# Assignment 2

## Due: 11:59PM PST, Nov 10, 2023

In this assignment, we will implement (1) depthwise convolution, (2) group convolution, (3) softmax, (4) scaled dot product attention module, and (4) asymmetric linear quantization.

## Helper code: Please do not modify this cell

In [71]:
# Please do not modify this cell
import torch
import torch.quantization

from typing import Final, Tuple
import random
import math

filter_res = [1, 3, 5]
channel_count = [8, 16]
num_groups_list = [1, 4, 8]


number_of_tests: Final[int] = 10

def test_res_printer(
    test_res: Tuple[int],
    test_name: str = "Test"
) -> None:
    print("<Test {} Results>".format(test_name))
    print("- Correct: {}".format(test_res[0]))
    print("- Incorrect: {}".format(test_res[1]))
    print("-> Passed {}% of tests".format((test_res[0]/test_res[2])*100))

## Group convolution example

Group convolution and its special case, depth-wise convolution, are widely used.

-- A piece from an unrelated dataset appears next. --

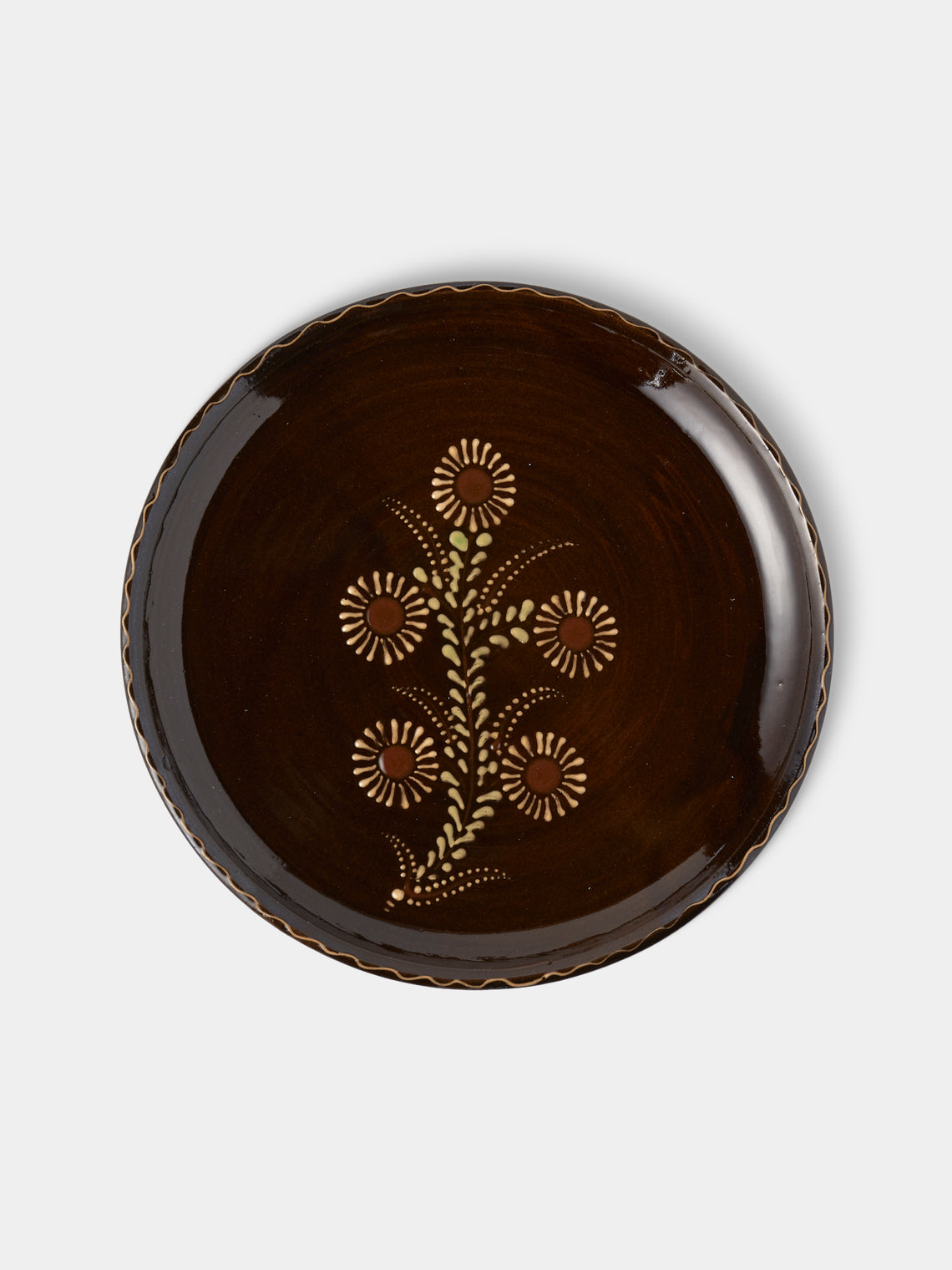 Poterie d’Évires - Flowers Hand-Painted Ceramic Plates – 9.5in/24cm (Set of 8) - Dark brown - ABASK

However, not many materials describe how they work in detail. We already covered the basics in the lecture at a high level. However, to deeply understand how it works, taking a look at code examples will be helpful.

In [72]:
##############################
# Example Tensor dimensions
input_channels = 100
output_channels = 10
input_height = 10
input_width = 10
filter_height = 3
filter_width = 3

# The number of groups must evenly divide num_input_channels and num_output_channels
# This is a valid group size as 100 % 5 == 0, 10 % 5 == 0
num_groups = 5

##############################



example_group_conv = torch.nn.Conv2d(
    input_channels, # 100
    output_channels, # 10
    [filter_height, filter_width], #[3,3]
    groups = num_groups # 5
)

example_input = torch.rand([input_channels,input_height,input_width]) # [N=1, C=100, H=10, W=10]
groupd_conv2d_output = example_group_conv(example_input)

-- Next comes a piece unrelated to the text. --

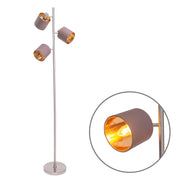Handgemaakte luxe metalen staande lamp met ambachtelijke stoffen kappen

print("<Group convolution case>")
print("Input shape: {}".format(example_input.shape))
print("Weight shape: {}".format(example_group_conv.weight.shape))
print("Output shape: {}\n".format(groupd_conv2d_output.shape))

# Now compare with typical CONV2D without any groups
# The only difference is that we will use groups = 1
example_conv2d = torch.nn.Conv2d(
    input_channels, # 100
    output_channels, # 10
    [filter_height, filter_width], #[3,3]
    groups=1 # no splitting into groups
)

conv2d_output = example_conv2d(example_input)

print("<Normal Conv2D case>")
print("Input shape: {}".format(example_input.shape))
print("Weight shape: {}".format(example_conv2d.weight.shape))
print("Output shape: {}\n".format(conv2d_output.shape))

num_weights_group_conv2d = example_group_conv.weight.numel()
num_weights_conv2d = example_conv2d.weight.numel()

print(">> Group Conv2D generates the same-sized output with {}% less number of weights".format(
    (1 - num_weights_group_conv2d / num_weights_conv2d) * 100)
)

print("Please feel free to try this example again modifyng the example tensor dimensions and num_groups above")


<Group convolution case>
Input shape: torch.Size([100, 10, 10])
Weight shape: torch.Size([10, 20, 3, 3])
Output shape: torch.Size([10, 8, 8])

<Normal Conv2D case>
Input shape: torch.Size([100, 10, 10])
Weight shape: torch.Size([10, 100, 3, 3])
Output shape: torch.Size([10, 8, 8])

>> Group Conv2D generates the same-sized output with 80.0% less number of weights
Please feel free to try this example again modifyng the example tensor dimensions and num_groups above


## Problem 1 (20 pts)

Please implement depthwise convolution. For simplicity, we won't use any padding and stride in this example (i.e., padding = [0, 0], stride = [1, 1]). Your implementation should match the behavior of "torch.nn.Conv2d" in Pytorch.
(reference: https://pytorch.org/docs/stable/generated/torch.nn.Conv2d.html).

### Hints

We will use the same dimension convention (notations) used in our lecture slides (N: batch, K: output channel, C: input channel, P/Q: Output height/width, H/W: input height/width, R/S: filter height/width). The depthwise convolution can be described as follows:

$$
  O[n][k][p][q] = \sum_{r=0}^{R}\sum_{s=0}^{S} W[k][0][r][s] \times I[n][k][p+r][q+s]
$$

The tensor shapes are as follows:
  - Weight: [K, 1, R, S]
  - Input: [N, K, H, W]
  - Output: [N, K, P, Q]

Please take a detailed look at the weight shape and the depthwise convolution formula in this cell; this will provide you with a good amount of information about the operation.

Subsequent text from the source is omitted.